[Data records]

-*-

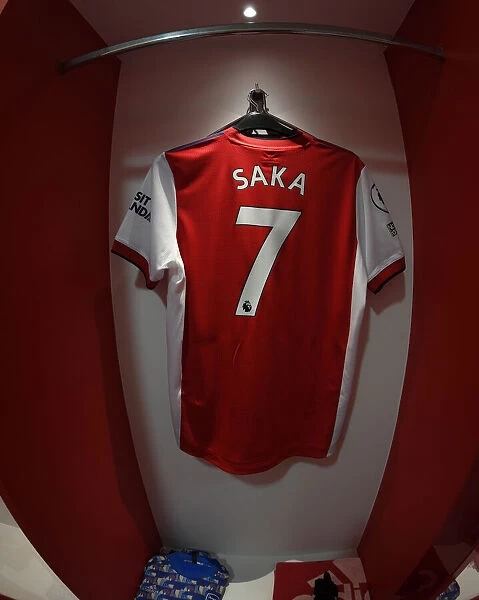 Arsenal: Bukayo Saka's Shirt in Arsenal Changing Room before Arsenal vs. Wolverhampton Wanderers (2021-22)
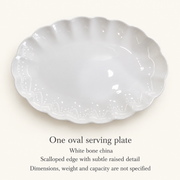 Scalloped White Bone China Oval Platter — dimensions, composition or care information 4; AI-assisted image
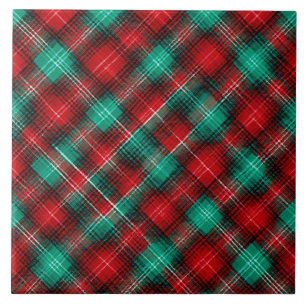 Red and green holiday plaid ceramic tile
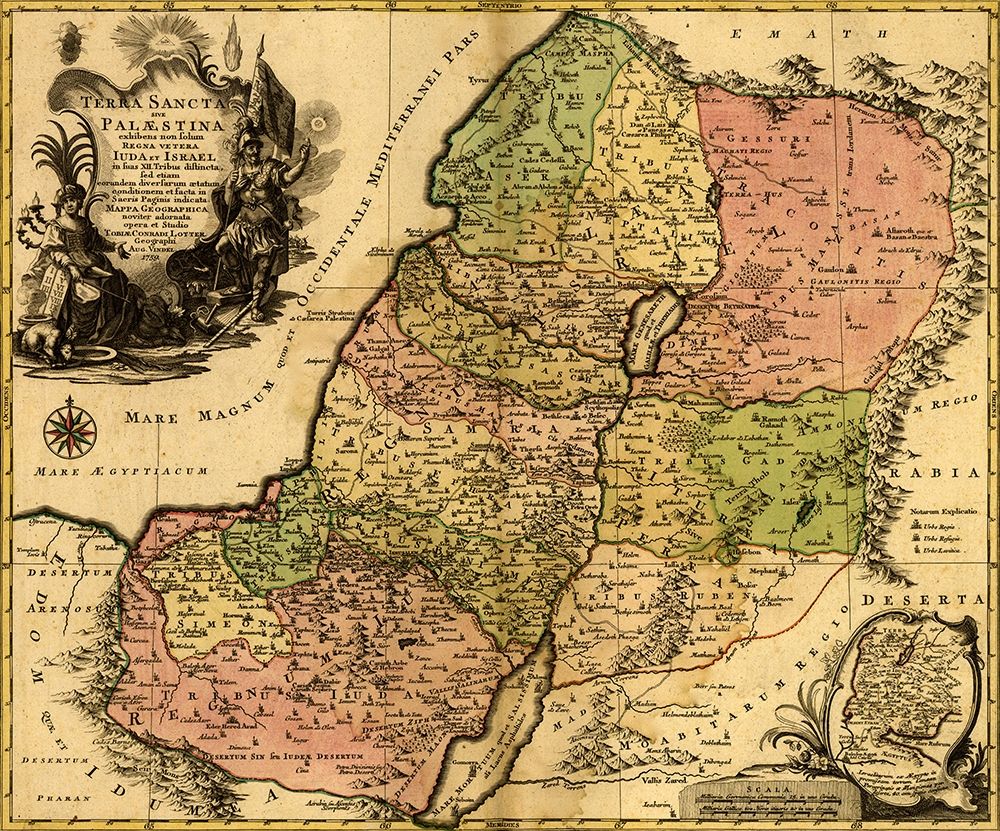 Israel during the Reign of Kings and the Twelve Tribes art print by Vintage Maps for $57.95 CAD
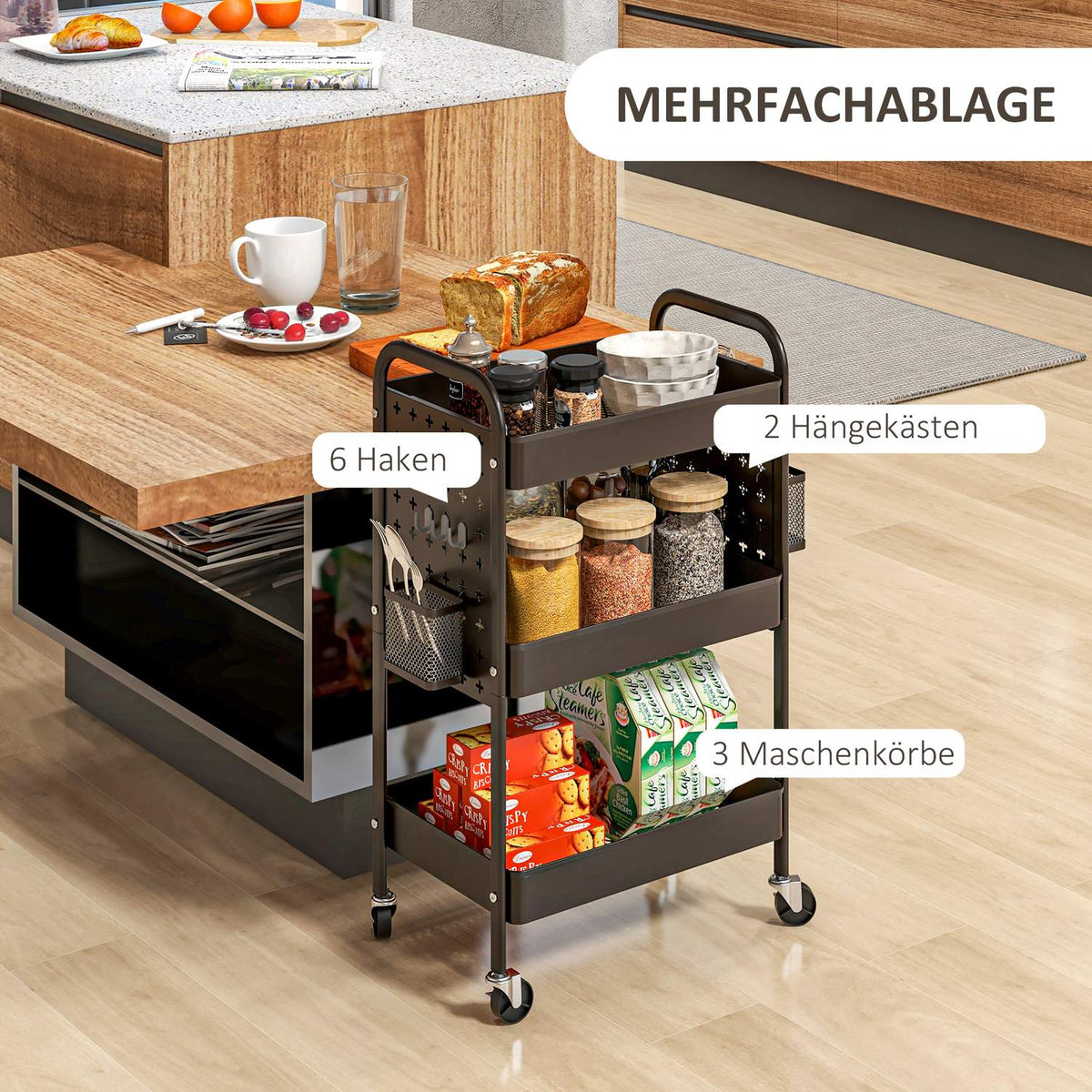 Rolling Trolley Serving Trolley With 3 Tiers & 2 Hanging Baskets, Storage Trolley With Handle, Kitchen Trolley, Steel, Black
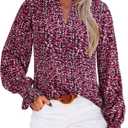 MASCOMODA Womens V Neck Floral Long Sleeve Tops 2025 Summer Casual Loose Puff Sleeve Chiffon Boho Work Blouse Dressy T Shirts (Medium, Black Red)
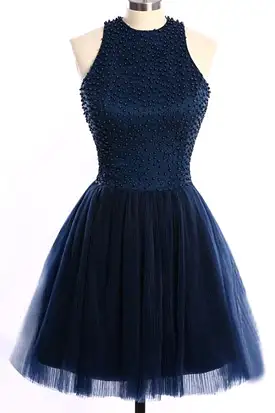 Navy Blue A Line Halter Sleeveless Keyhole Back Beading Short Homecoming Dresses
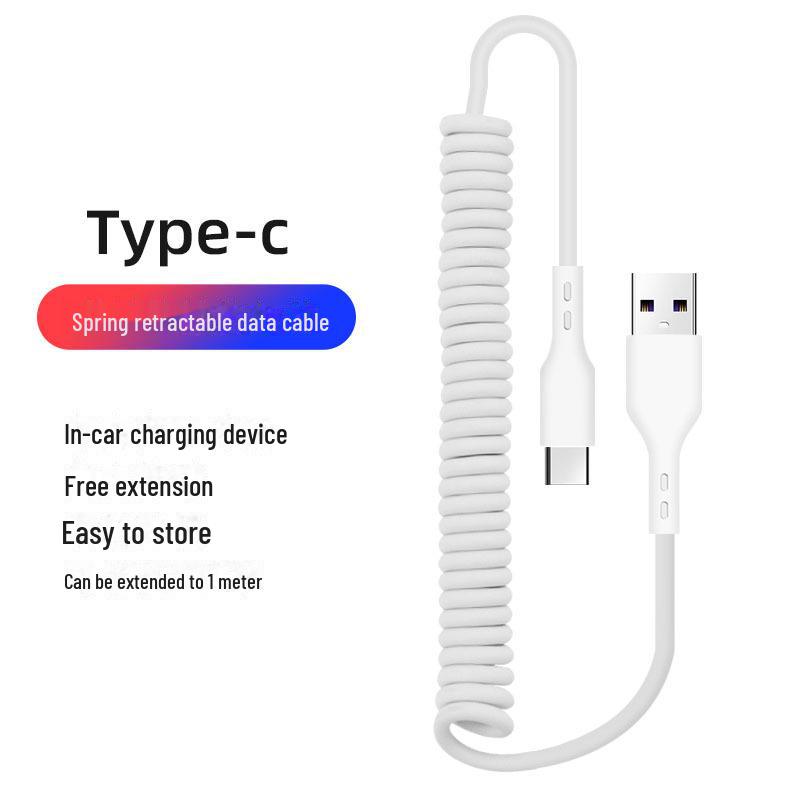66W Rapid Charging Car Spring Data Cable for Apple, Type-C, and Android Devices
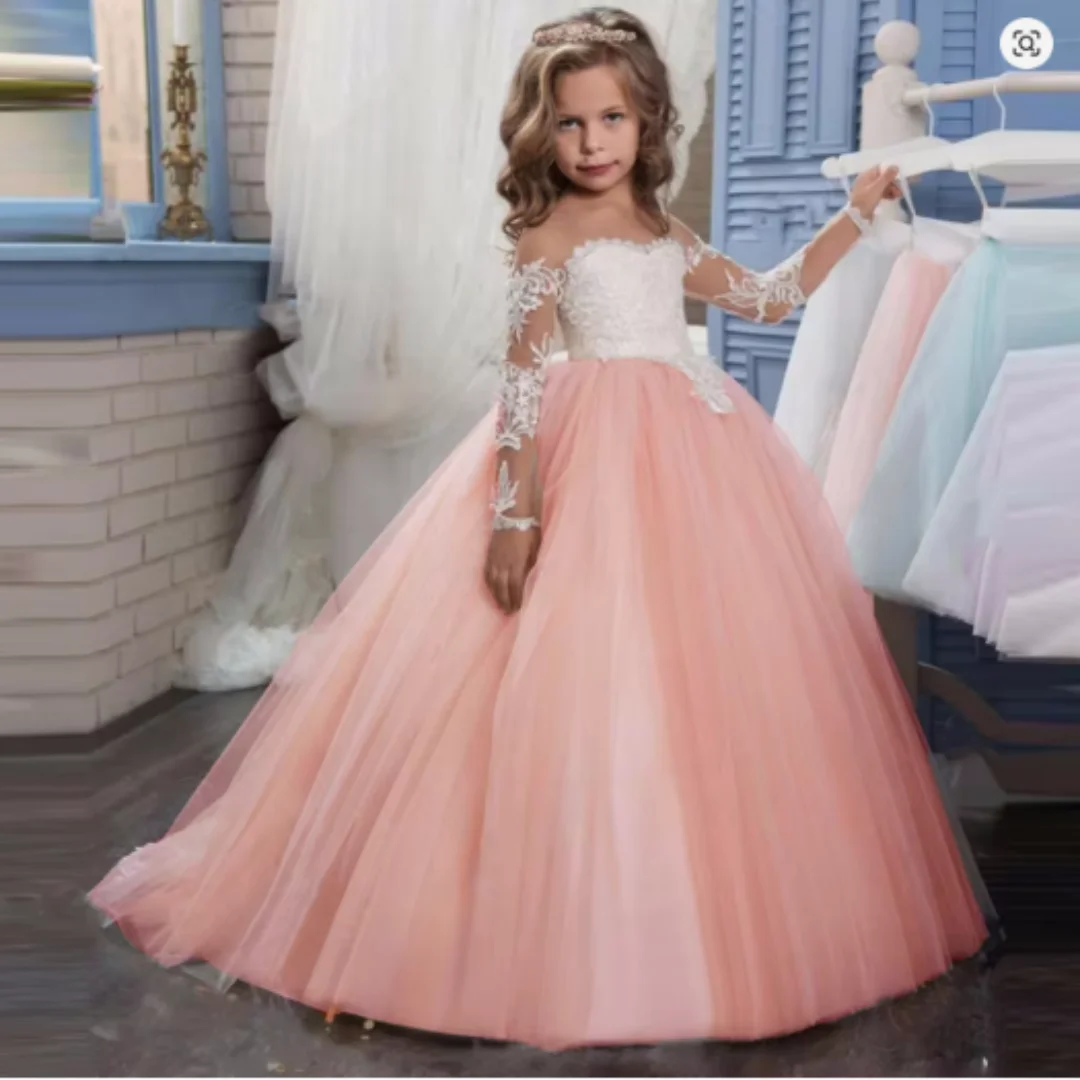 Robe à fleurs rose clair personnalisée pour filles, avec appliques blanches, manches longues, pour mariage, fête d'anniversaire et Communion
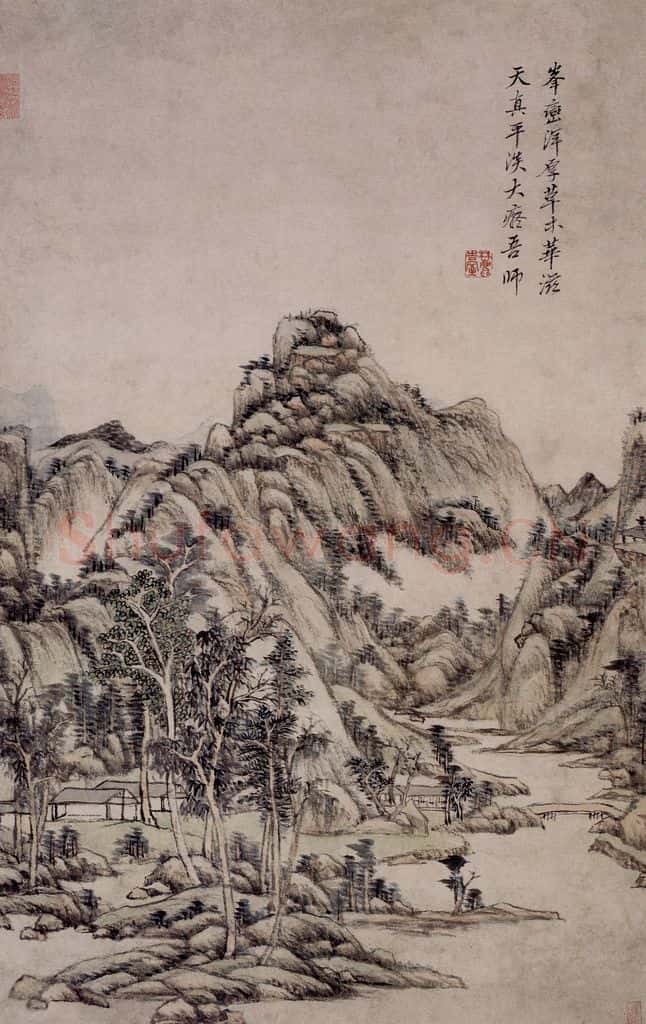 清 王原祁《仿古山水图屏》书画作品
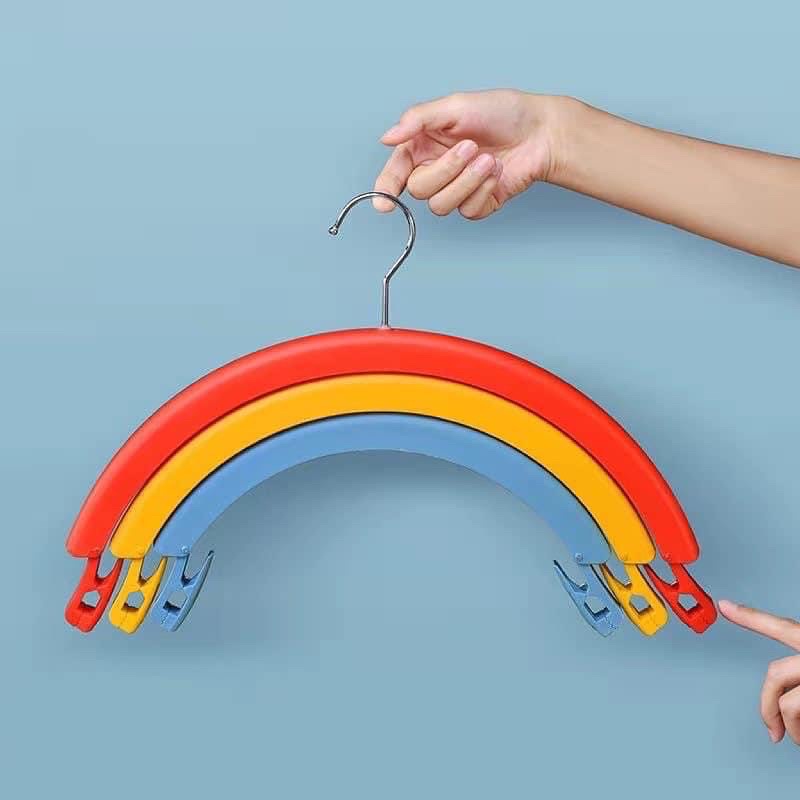 Rainbow Three Layer Clothes Drying Clip Hanger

-*-

> [Exercise instructions]:
Pictures do not belong in the answer. Return the lines above starting at the one with "Scalloped White Bone" and ending at the one with "Rolling Trolley Serving", both kept, exactly.

> [Result of this task]:
 Scalloped White Bone China Oval Platter — dimensions, composition or care information 4; AI-assisted image
 Red and green holiday plaid ceramic tile
 Israel during the Reign of Kings and the Twelve Tribes art print by Vintage Maps for $57.95 CAD
 Rolling Trolley Serving Trolley With 3 Tiers & 2 Hanging Baskets, Storage Trolley With Handle, Kitchen Trolley, Steel, Black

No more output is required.